# Data segment:

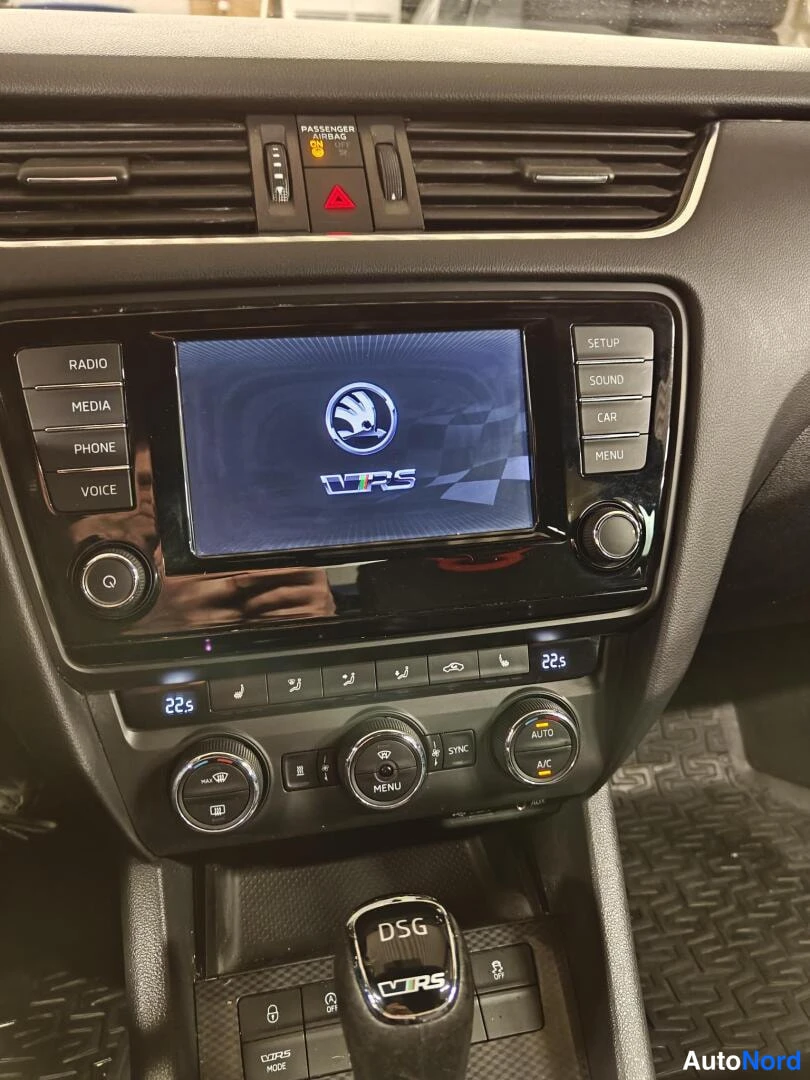 Musta Skoda Octavia 2017, yksityiskohta, kuva 17
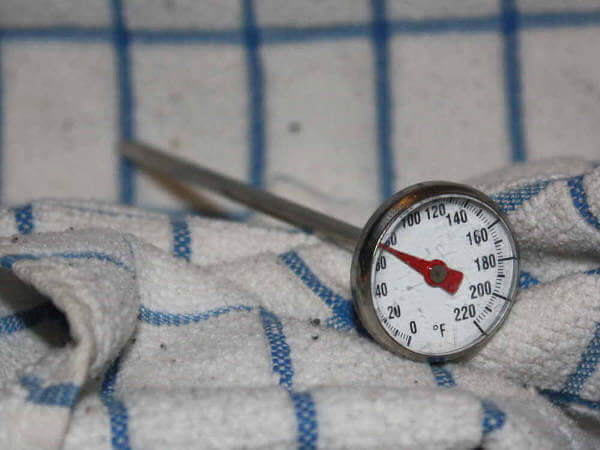https://www.smoker-cooking.com/images/analog-dial-pocket-thermometer.jpg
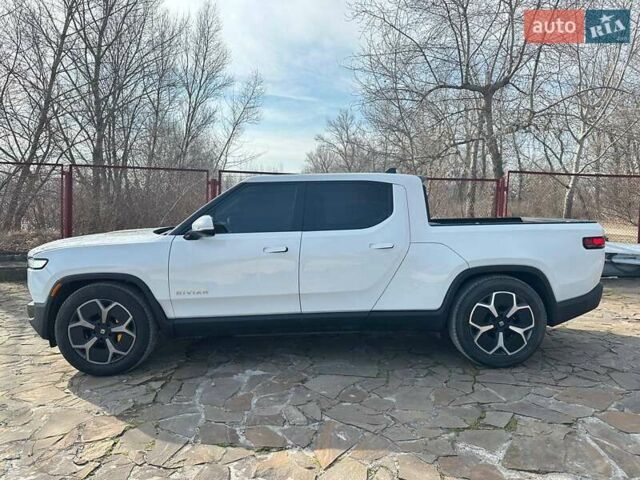 Белый Rivian R1T, объемом двигателя 0 л и пробегом 27 тыс. км за 55000 $, фото 17 на Automoto.ua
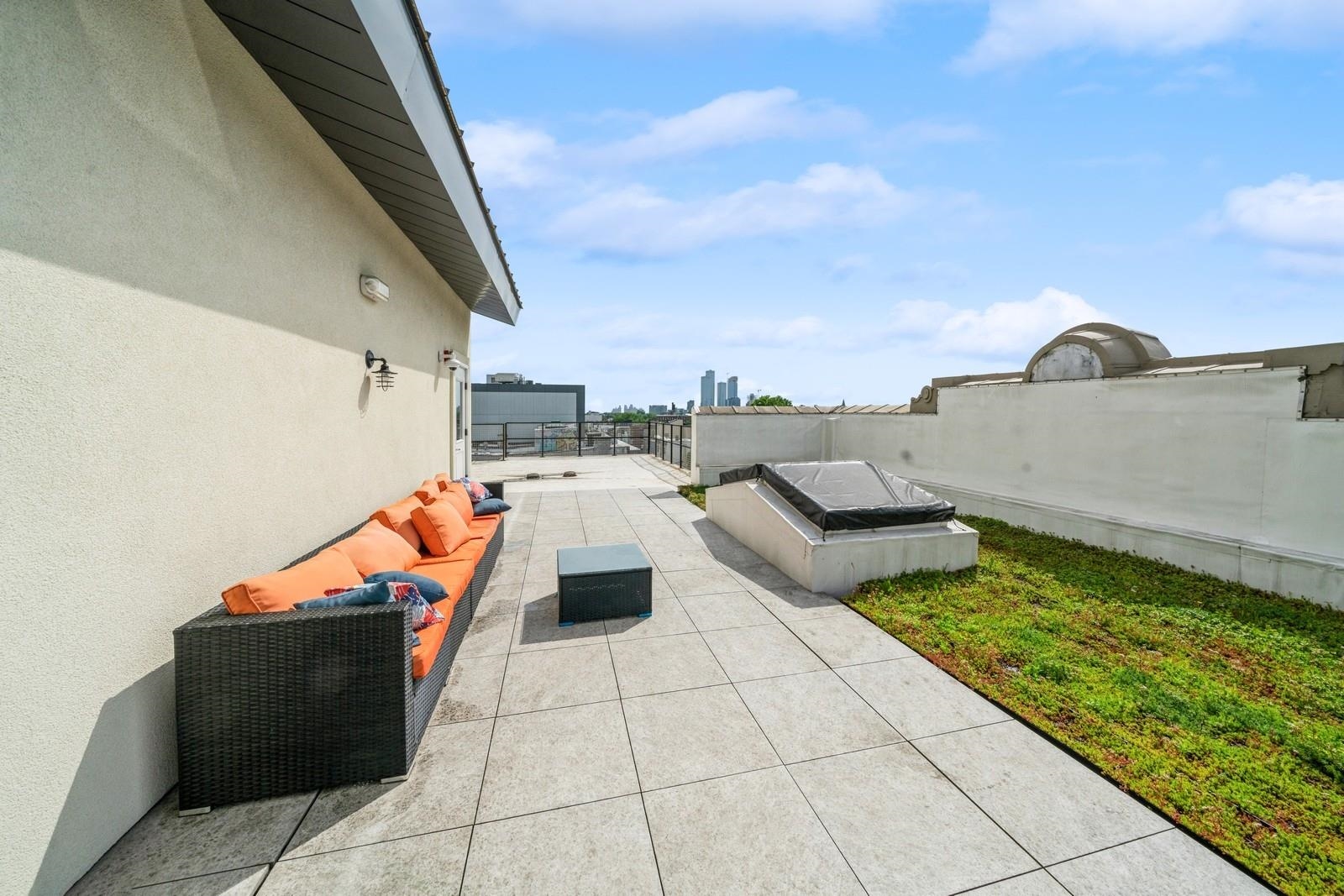 520 PALISADE AVE Unit: 405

# Task goal:
Reproduce word for word the lines from the line holding "Белый Rivian R1T, объемом" through the last line of the material above, inclusive, and keep pictures out of it.

# Exercise solution:
 Белый Rivian R1T, объемом двигателя 0 л и пробегом 27 тыс. км за 55000 $, фото 17 на Automoto.ua
 520 PALISADE AVE Unit: 405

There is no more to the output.